Print all the data that follows exactly, images excluded.

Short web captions
+-------+

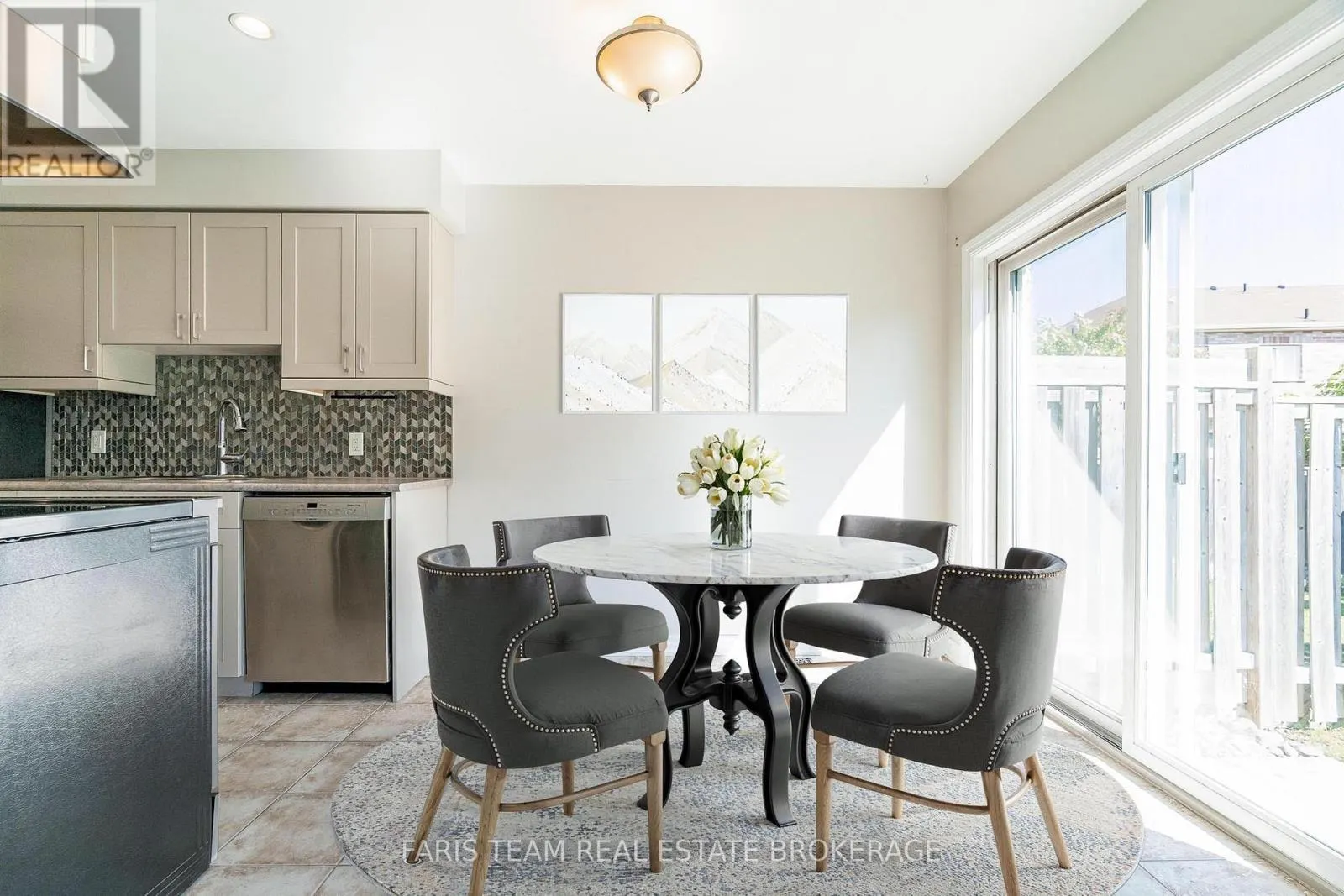 30 SOUTHWOODS CRESCENT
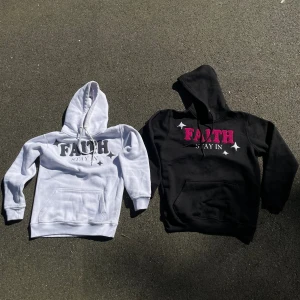 Tracksuit (Faith Tracksuit) - Helt ny tracksuit, finns flera färger i lager. Instagram: Stayinfaith.clo. Priset för hoodien är 350kr Priset för hela dressen är 700kr Kan betala via swish, paypal eller via plick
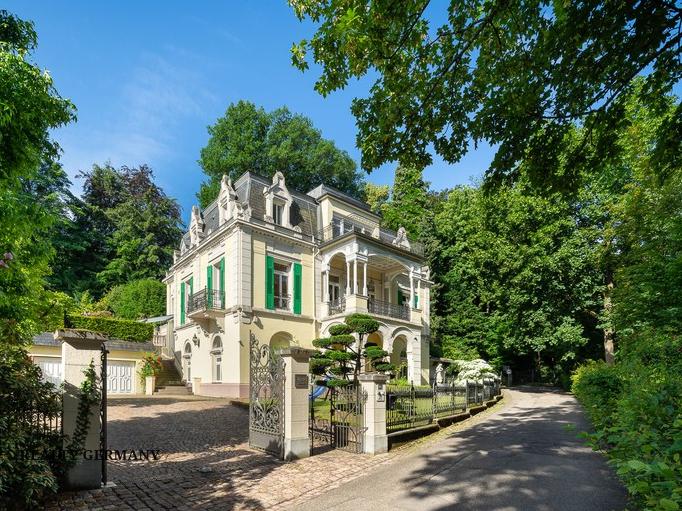 10 room villa in Baden-Baden, 430 m², photo #1, listing #74642862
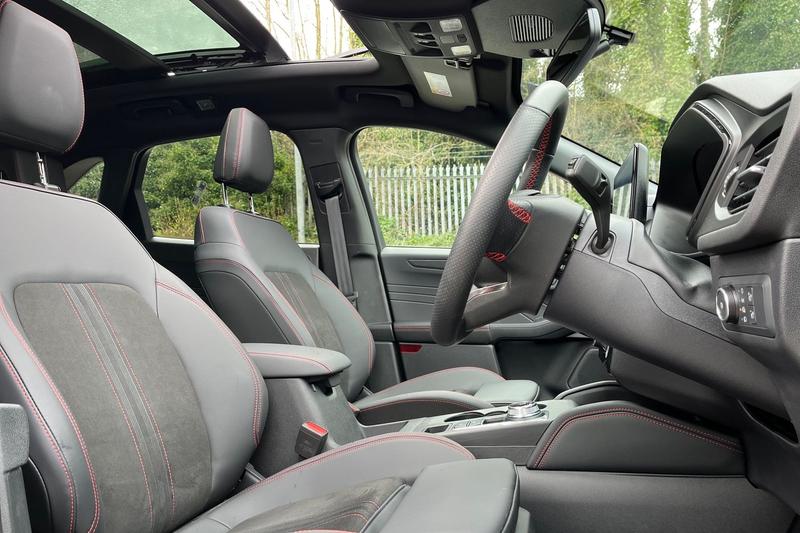 Used Ford Kuga 2025 for sale - 77848639: Photo 17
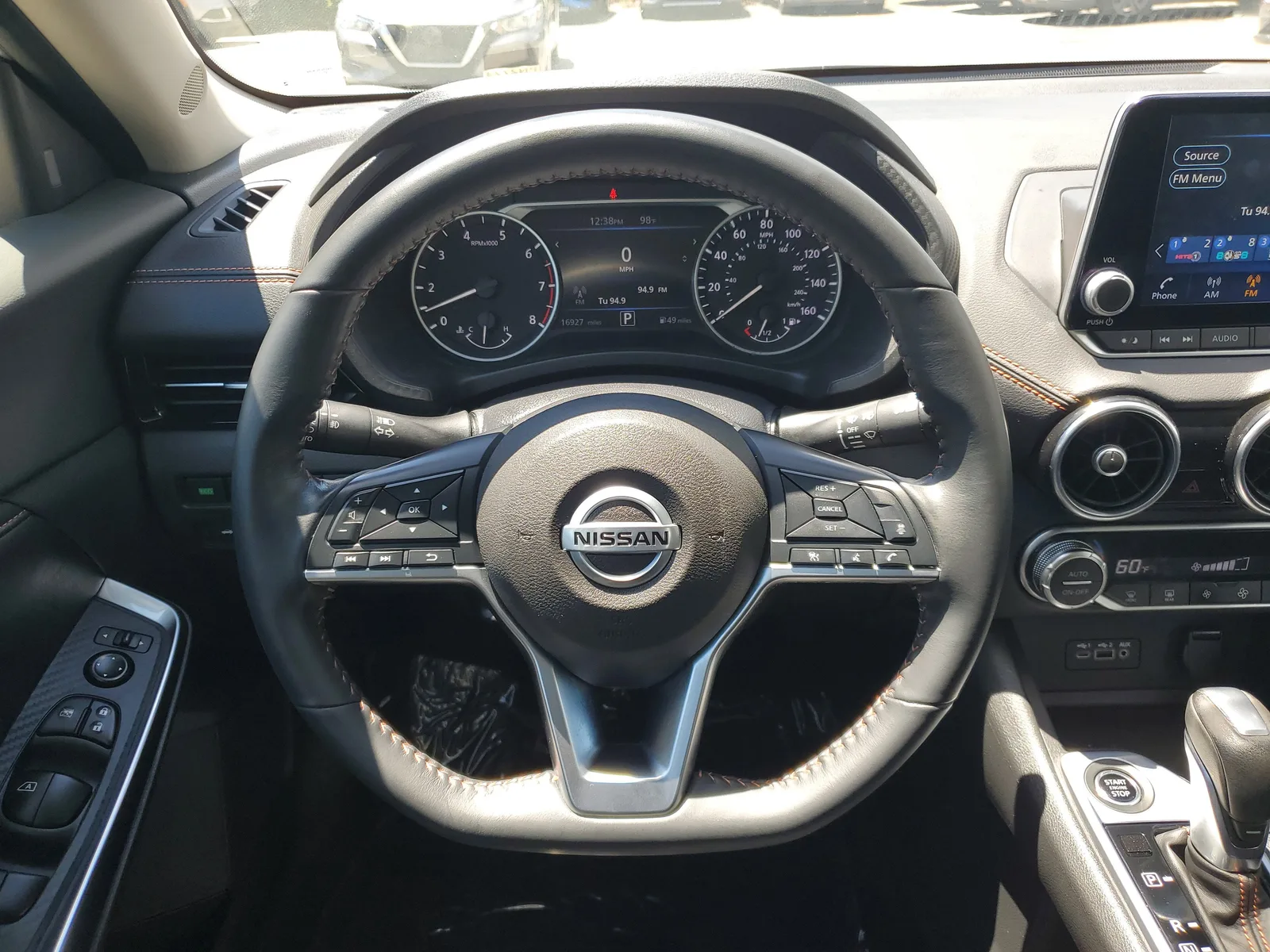 2023 Nissan Sentra SR photo 16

+-------+

● Output for this exercise
 30 SOUTHWOODS CRESCENT
 Tracksuit (Faith Tracksuit) - Helt ny tracksuit, finns flera färger i lager. Instagram: Stayinfaith.clo. Priset för hoodien är 350kr Priset för hela dressen är 700kr Kan betala via swish, paypal eller via plick
 10 room villa in Baden-Baden, 430 m², photo #1, listing #74642862
 Used Ford Kuga 2025 for sale - 77848639: Photo 17
 2023 Nissan Sentra SR photo 16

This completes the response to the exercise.